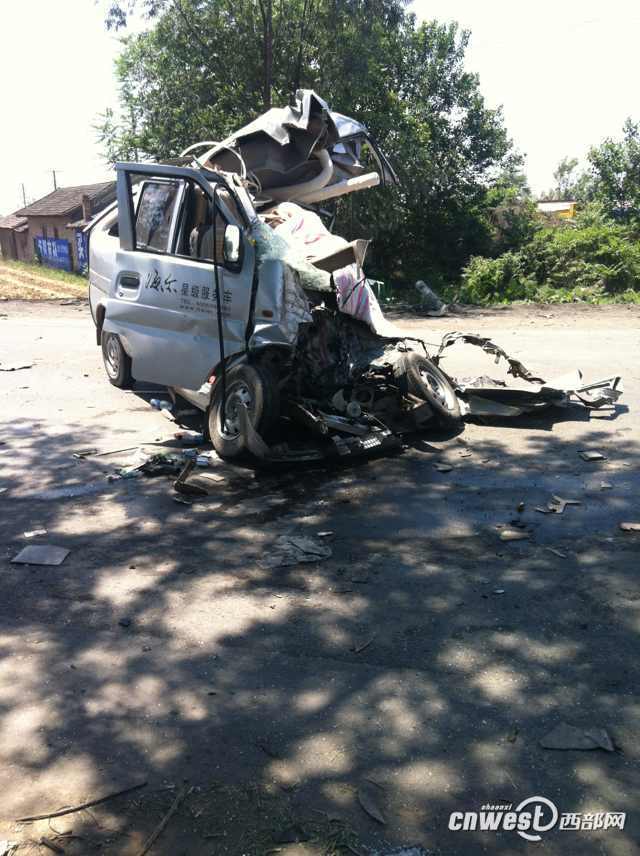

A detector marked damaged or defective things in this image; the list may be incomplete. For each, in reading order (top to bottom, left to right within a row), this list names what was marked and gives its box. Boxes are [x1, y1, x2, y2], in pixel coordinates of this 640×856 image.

wrecked white van [87, 90, 624, 462]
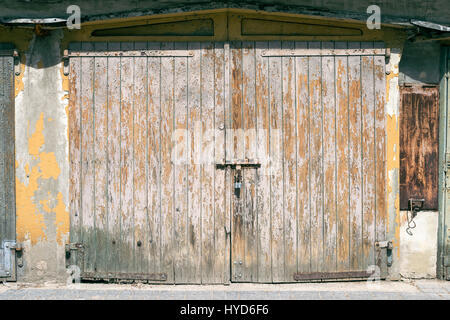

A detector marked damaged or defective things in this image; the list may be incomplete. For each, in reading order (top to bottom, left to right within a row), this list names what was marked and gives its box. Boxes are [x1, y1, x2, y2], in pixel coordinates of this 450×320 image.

rusted metal panel [68, 40, 388, 282]
rusted metal panel [400, 85, 440, 211]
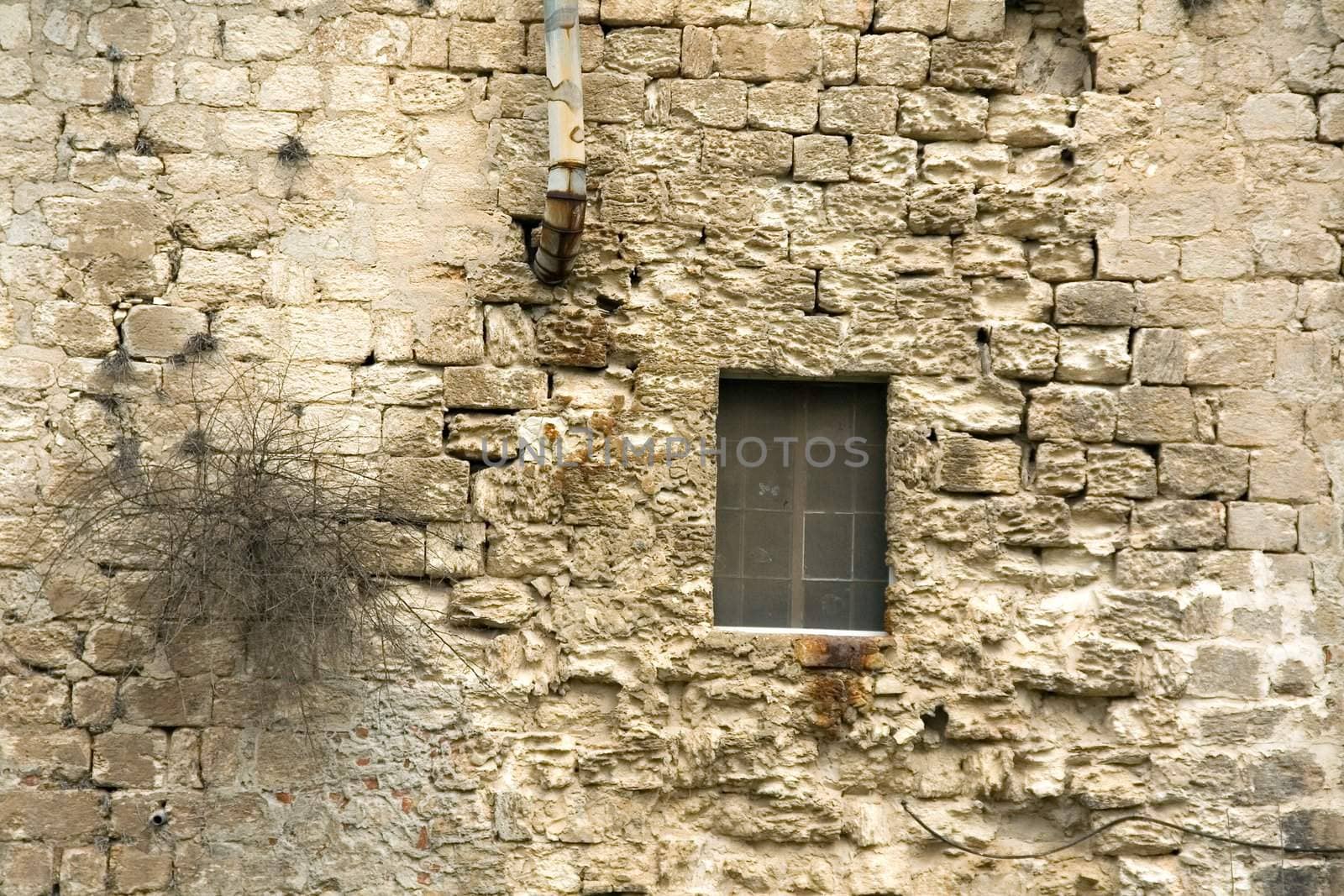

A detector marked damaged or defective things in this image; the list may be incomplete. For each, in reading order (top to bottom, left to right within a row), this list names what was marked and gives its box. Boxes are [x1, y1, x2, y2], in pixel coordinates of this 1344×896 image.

rusty drainpipe [528, 0, 585, 284]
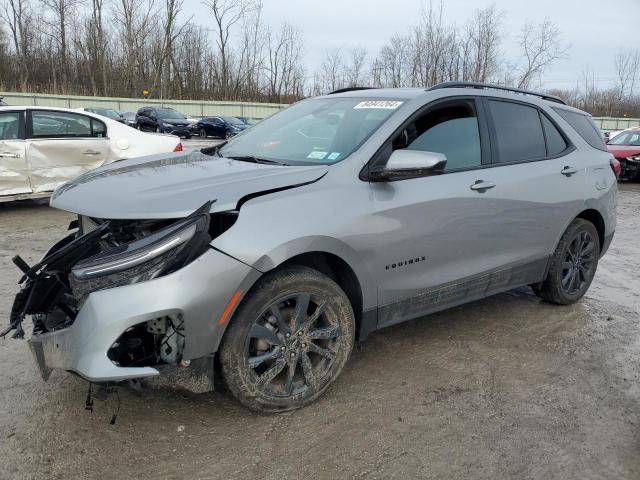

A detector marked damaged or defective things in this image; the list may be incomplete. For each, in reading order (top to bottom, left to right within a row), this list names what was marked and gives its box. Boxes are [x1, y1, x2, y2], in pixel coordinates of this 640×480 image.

crumpled hood [50, 150, 328, 219]
bent bumper [25, 248, 260, 382]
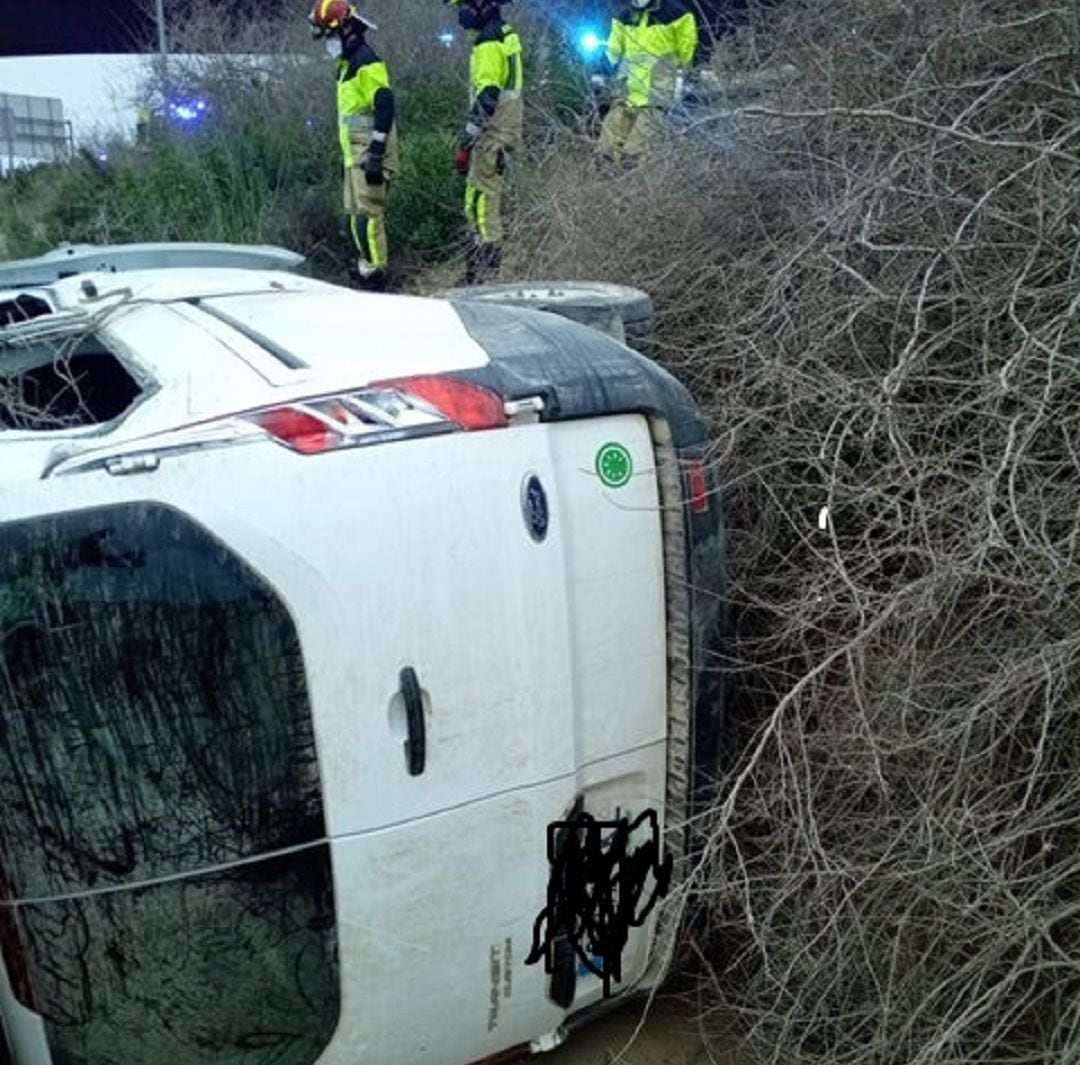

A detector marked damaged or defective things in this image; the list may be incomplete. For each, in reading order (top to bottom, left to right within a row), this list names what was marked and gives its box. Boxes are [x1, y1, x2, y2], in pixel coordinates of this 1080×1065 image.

overturned white van [0, 243, 728, 1064]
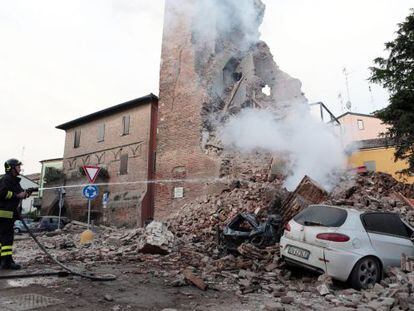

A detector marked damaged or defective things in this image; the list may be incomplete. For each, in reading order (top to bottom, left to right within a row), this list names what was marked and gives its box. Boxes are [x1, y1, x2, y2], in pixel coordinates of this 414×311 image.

crushed vehicle [222, 212, 280, 254]
damaged car [220, 212, 282, 254]
crushed vehicle [278, 205, 414, 290]
damaged car [280, 206, 412, 292]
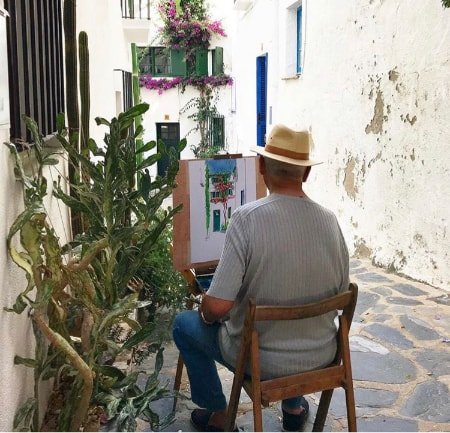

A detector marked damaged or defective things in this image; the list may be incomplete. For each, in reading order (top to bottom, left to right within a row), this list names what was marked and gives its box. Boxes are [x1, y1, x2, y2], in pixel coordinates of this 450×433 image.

peeling plaster wall [232, 1, 450, 290]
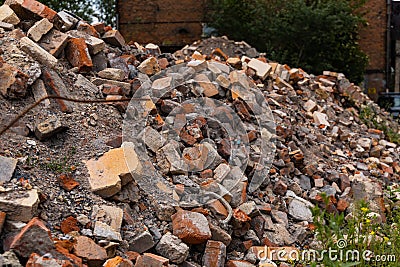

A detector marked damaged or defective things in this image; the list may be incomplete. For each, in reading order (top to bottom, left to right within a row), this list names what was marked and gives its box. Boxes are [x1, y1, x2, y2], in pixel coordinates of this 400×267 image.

broken red brick [65, 38, 94, 73]
broken red brick [58, 175, 80, 192]
broken red brick [60, 218, 79, 234]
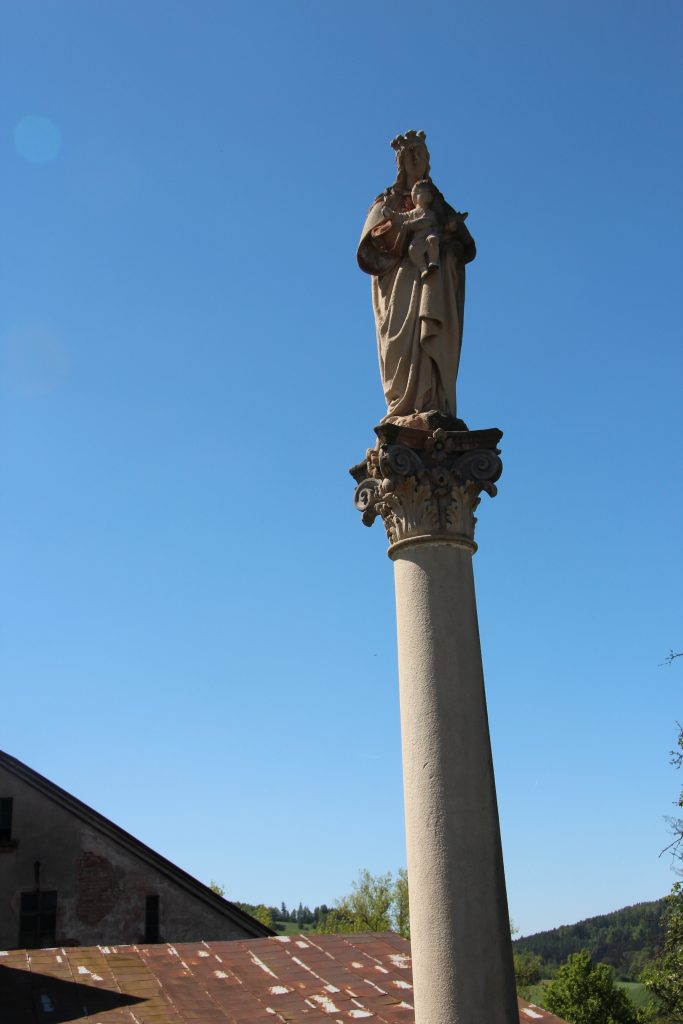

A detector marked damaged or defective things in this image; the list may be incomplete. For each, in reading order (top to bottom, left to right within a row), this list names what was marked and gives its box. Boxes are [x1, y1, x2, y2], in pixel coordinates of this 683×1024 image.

rusted metal roof [0, 937, 565, 1024]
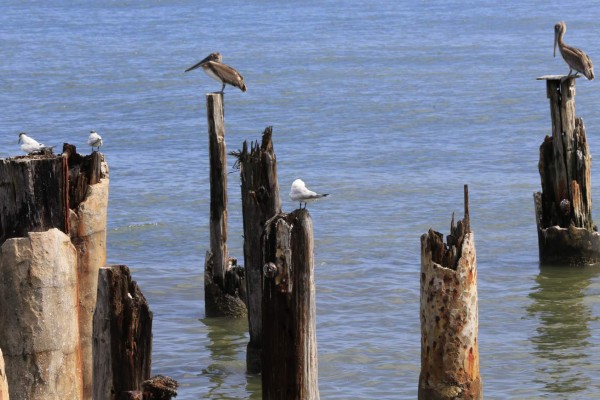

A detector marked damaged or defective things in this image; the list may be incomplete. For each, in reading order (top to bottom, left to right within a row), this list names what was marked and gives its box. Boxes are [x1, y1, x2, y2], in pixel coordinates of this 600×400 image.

rusted metal piling [204, 92, 246, 318]
rusted metal piling [233, 126, 282, 374]
rusted metal piling [262, 211, 318, 398]
rusted metal piling [418, 186, 482, 398]
rusted metal piling [536, 75, 596, 264]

▸ **The task**:
Print exactly the lines from the line with "this 683×1024 image." through the end of the data, both ends included, and print no pictures.

▸ **Solution to this task**:
A detector marked damaged or defective things in this image; the list may be incomplete. For each, in reading order (top to bottom, left to right within a row), this list names what was marked and gives its box. Boxes are [x1, y1, x2, y2], in pixel coordinates of this 683×1024 image.

rusted metal roof [0, 937, 565, 1024]

A detector marked damaged or defective things in this image; the list may be incomplete. For each, in reading order (top to bottom, left to right within a row), this list names what was marked and gives its box. Boxes are [x1, y1, x2, y2], in pixel coordinates of this 600×400 image.

rusted metal piling [204, 92, 246, 318]
rusted metal piling [233, 126, 282, 374]
rusted metal piling [262, 211, 318, 398]
rusted metal piling [418, 186, 482, 398]
rusted metal piling [536, 75, 596, 264]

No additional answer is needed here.